• _Data provided_

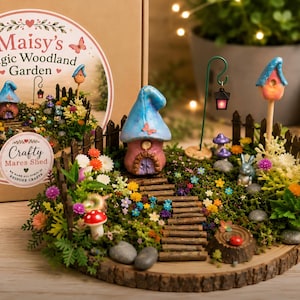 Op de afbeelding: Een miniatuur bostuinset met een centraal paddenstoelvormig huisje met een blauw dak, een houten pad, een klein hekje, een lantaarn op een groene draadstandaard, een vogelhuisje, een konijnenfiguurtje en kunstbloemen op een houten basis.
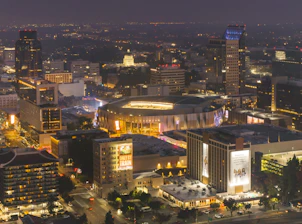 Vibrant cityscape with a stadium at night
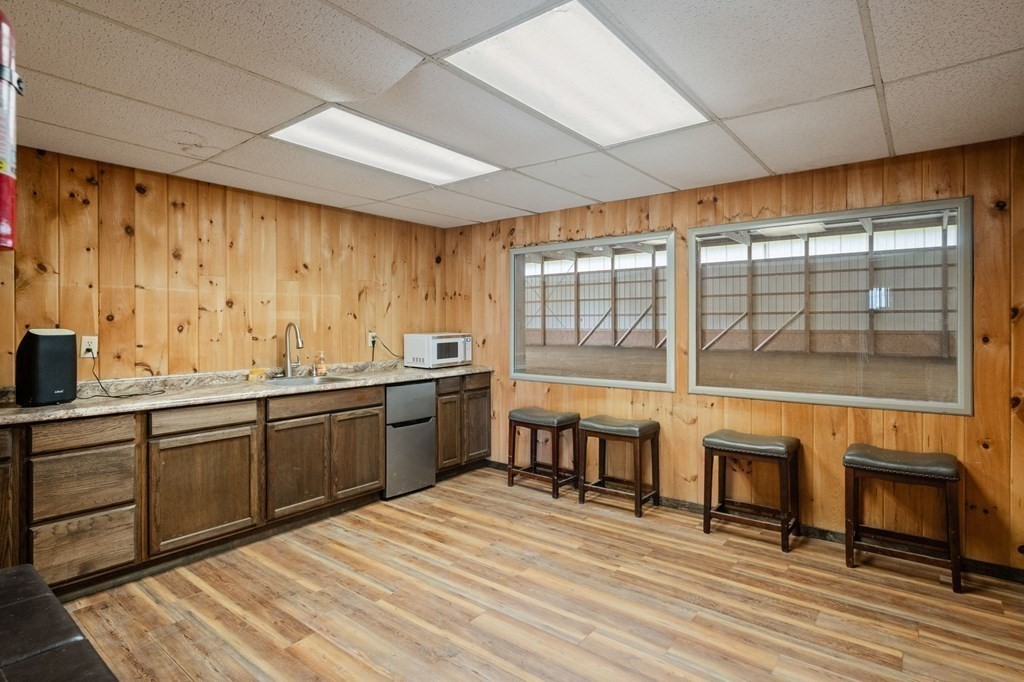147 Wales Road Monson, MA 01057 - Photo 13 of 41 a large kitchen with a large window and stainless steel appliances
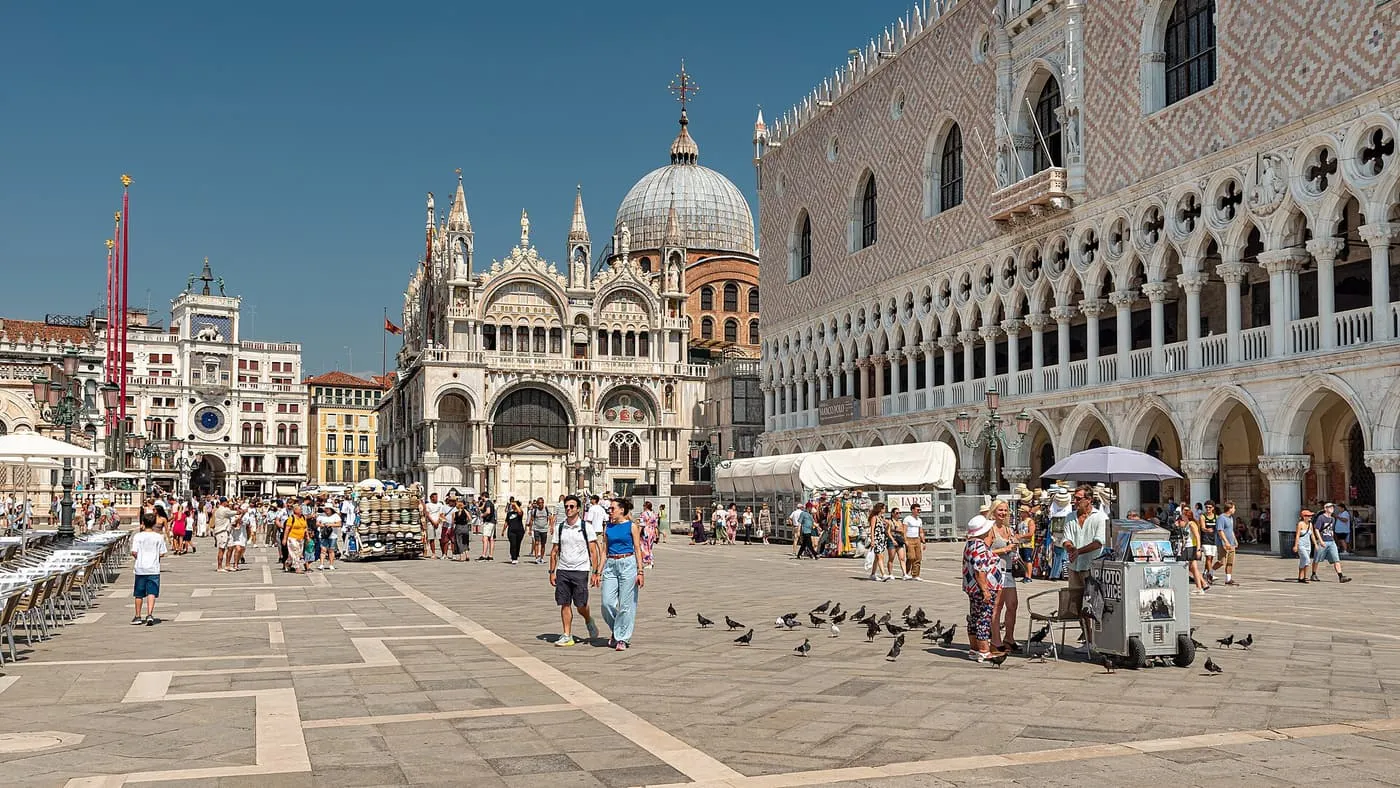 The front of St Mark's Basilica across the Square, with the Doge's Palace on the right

• _Required action_
A verbatim transcription of the listing is expected, with no pictures included.

• _Answer area_
 Op de afbeelding: Een miniatuur bostuinset met een centraal paddenstoelvormig huisje met een blauw dak, een houten pad, een klein hekje, een lantaarn op een groene draadstandaard, een vogelhuisje, een konijnenfiguurtje en kunstbloemen op een houten basis.
 Vibrant cityscape with a stadium at night
147 Wales Road Monson, MA 01057 - Photo 13 of 41 a large kitchen with a large window and stainless steel appliances
 The front of St Mark's Basilica across the Square, with the Doge's Palace on the right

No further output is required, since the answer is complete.